In today’s dollars, President Washington would be worth an estimated half a billion dollars, succeeded by perhaps only President John F. Kennedy’s wealth. By the time of President Washington’s passing in 1799, arbitration was already well established in the United States. New York no longer permits arbitration in the context of a dispute over a last will and testament, as it would unconstitutionally interfere with the power of the Surrogate’s Court to adjudicate disputes involving the disposition and transfer of property of decedents, the administration of estates and probate of wills. Matter of Jacobovitz, 58 Misc. 2d 330 (Nassau County, 1968). The same cannot be said of arbitration clauses in trust documents. There is much diversity of treatment of arbitration clauses found in trust documents, with New York taking a middle of the road approach to interpretation and enforcement of arbitration clauses in trust documents. That principle, however, only applies to the application of the transfer of property via an individual’s last will and testament. It does not apply to the mediation and adjudication of disputes in trust documents controlled by New York law.


Given that an increasing number of trusts function similar to multinational corporations with the transfer of some or all of their assets to different jurisdictions to receive better tax rates and trustees as well as the larger system to administer the estate receiving annual fees for their services it is not surprising that trusts are beginning to use arbitration more and more often to manage disputes.

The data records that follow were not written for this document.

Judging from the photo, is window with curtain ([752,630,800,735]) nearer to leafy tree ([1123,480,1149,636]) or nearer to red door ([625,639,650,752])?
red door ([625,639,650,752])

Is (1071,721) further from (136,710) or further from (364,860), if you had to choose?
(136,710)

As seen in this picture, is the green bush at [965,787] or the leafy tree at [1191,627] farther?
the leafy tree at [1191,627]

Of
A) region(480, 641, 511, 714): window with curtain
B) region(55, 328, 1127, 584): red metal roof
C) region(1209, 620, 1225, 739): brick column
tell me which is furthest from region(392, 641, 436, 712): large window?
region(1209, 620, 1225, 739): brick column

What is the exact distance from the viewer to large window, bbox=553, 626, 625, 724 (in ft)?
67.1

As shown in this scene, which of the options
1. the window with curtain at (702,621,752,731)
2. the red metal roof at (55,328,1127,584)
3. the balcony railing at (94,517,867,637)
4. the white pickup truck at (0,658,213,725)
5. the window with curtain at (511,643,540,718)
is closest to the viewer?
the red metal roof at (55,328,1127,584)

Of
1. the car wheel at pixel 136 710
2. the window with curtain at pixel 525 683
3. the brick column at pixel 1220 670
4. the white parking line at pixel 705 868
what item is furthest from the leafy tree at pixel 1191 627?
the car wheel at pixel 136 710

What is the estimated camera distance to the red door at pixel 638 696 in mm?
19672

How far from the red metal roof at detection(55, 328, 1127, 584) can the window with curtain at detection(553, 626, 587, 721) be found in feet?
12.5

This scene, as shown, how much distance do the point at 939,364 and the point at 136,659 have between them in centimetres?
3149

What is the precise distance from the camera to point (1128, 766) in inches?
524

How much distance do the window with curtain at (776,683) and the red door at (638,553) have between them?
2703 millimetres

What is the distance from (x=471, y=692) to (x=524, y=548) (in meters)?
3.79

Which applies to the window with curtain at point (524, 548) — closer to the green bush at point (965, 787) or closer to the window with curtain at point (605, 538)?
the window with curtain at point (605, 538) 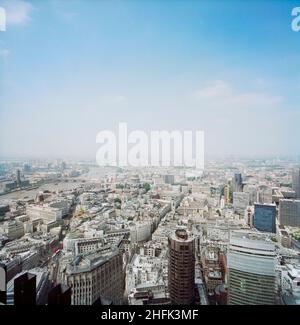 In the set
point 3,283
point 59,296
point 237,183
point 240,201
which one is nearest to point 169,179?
point 237,183

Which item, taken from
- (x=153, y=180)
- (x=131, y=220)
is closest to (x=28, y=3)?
(x=153, y=180)

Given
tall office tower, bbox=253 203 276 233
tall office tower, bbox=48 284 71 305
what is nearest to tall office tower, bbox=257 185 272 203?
tall office tower, bbox=253 203 276 233

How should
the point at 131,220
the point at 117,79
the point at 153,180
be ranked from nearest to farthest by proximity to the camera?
the point at 117,79
the point at 153,180
the point at 131,220

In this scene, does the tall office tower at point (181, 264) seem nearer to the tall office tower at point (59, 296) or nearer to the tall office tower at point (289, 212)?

Under New York law there has been a definite favoring of arbitration disputes when the dispute involves a third party to the trust. In one relatively recent case, the Surrogate’s Court took the approach that third parties, more particularly third party beneficiaries of a trust, had to voluntarily submit to the jurisdiction of the Court. In Matter of Blumenkratz 14 Misc. 3d 462 (Sur. Ct. Nassau County, 2006). In the event that the third party did not consent to the jurisdiction of the Surrogate’s Court, the Federal Arbitration Act controls.

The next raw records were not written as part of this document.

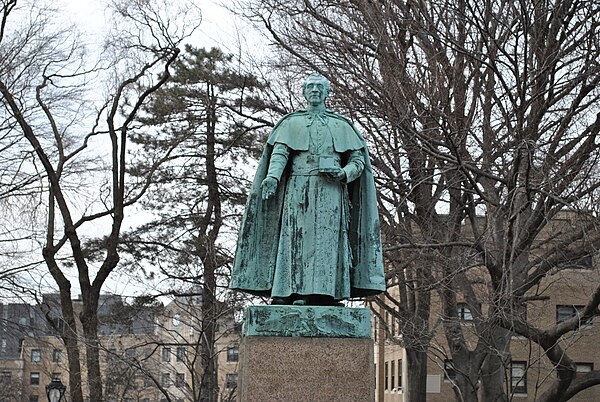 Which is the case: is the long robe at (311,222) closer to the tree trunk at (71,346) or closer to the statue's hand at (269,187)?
the statue's hand at (269,187)

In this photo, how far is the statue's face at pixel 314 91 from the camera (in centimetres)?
881

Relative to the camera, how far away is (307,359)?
8.07 m

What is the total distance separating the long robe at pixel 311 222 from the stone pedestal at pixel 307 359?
1.01ft

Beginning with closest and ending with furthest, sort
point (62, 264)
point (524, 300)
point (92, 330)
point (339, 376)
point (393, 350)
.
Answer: point (339, 376) < point (524, 300) < point (92, 330) < point (62, 264) < point (393, 350)

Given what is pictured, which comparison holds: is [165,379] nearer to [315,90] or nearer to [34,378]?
[315,90]

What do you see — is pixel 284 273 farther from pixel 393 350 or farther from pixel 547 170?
pixel 393 350

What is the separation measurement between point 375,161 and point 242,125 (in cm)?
768

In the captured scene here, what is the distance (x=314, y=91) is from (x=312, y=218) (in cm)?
113

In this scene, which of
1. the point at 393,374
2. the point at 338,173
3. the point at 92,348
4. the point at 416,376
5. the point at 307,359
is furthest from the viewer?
the point at 393,374

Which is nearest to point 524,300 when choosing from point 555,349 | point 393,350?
point 555,349

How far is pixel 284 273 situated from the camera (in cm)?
841

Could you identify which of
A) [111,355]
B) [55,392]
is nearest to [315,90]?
[55,392]

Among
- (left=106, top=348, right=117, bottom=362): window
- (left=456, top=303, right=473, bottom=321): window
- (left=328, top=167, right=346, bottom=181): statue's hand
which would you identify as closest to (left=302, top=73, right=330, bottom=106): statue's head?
(left=328, top=167, right=346, bottom=181): statue's hand

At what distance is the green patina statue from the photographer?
8.40 meters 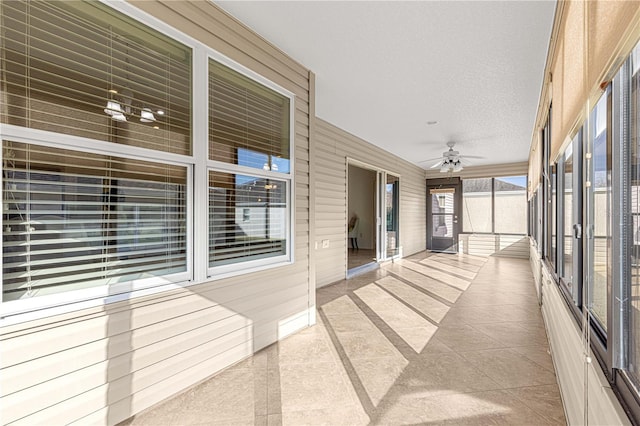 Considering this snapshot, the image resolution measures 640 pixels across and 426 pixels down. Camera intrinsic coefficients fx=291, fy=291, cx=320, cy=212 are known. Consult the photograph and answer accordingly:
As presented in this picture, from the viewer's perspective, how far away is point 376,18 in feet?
7.54

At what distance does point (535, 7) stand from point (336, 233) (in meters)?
3.94

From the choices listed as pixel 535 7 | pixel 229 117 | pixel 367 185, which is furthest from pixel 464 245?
pixel 229 117

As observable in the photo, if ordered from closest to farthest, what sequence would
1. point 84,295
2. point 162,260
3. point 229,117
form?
1. point 84,295
2. point 162,260
3. point 229,117

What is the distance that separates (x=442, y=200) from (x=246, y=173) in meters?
8.47

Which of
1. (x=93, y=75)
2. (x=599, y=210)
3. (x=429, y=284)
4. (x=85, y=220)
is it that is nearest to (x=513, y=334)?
(x=429, y=284)

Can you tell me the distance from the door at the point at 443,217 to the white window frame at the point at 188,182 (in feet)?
25.7

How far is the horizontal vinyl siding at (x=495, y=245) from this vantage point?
27.5 feet

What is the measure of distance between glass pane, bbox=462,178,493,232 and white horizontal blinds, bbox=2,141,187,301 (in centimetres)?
916

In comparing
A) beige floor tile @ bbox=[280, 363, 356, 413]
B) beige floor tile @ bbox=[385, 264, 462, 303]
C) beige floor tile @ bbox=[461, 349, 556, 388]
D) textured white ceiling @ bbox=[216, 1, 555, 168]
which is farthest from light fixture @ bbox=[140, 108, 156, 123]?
beige floor tile @ bbox=[385, 264, 462, 303]

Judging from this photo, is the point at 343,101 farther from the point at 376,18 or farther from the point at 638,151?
the point at 638,151

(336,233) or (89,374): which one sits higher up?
(336,233)

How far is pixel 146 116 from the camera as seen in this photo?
193 cm

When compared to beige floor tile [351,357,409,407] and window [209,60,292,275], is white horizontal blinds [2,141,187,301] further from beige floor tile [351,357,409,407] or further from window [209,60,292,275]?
beige floor tile [351,357,409,407]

At the same time, there is case law that indicates that if a particular arbitration clause would call into doubt the ability of a Court or even outright oust the jurisdiction of the Surrogate’s Court to adjudicate what are core judicial functions over trusts, such as judicial accounting. Estate of Proceeding for the Appointment of a Guardian for Charlotte Radcliffe, N.Y. L.J., July 20, 2007, at 36 (Sur. Ct. N.Y. County July 20, 2007). New York Courts have upheld arbitration awards in trusts even when a core judicial function was implicated, such as a determination that the trustee breached their fiduciary function, as longs as the Court retained the right to review such determination de novo.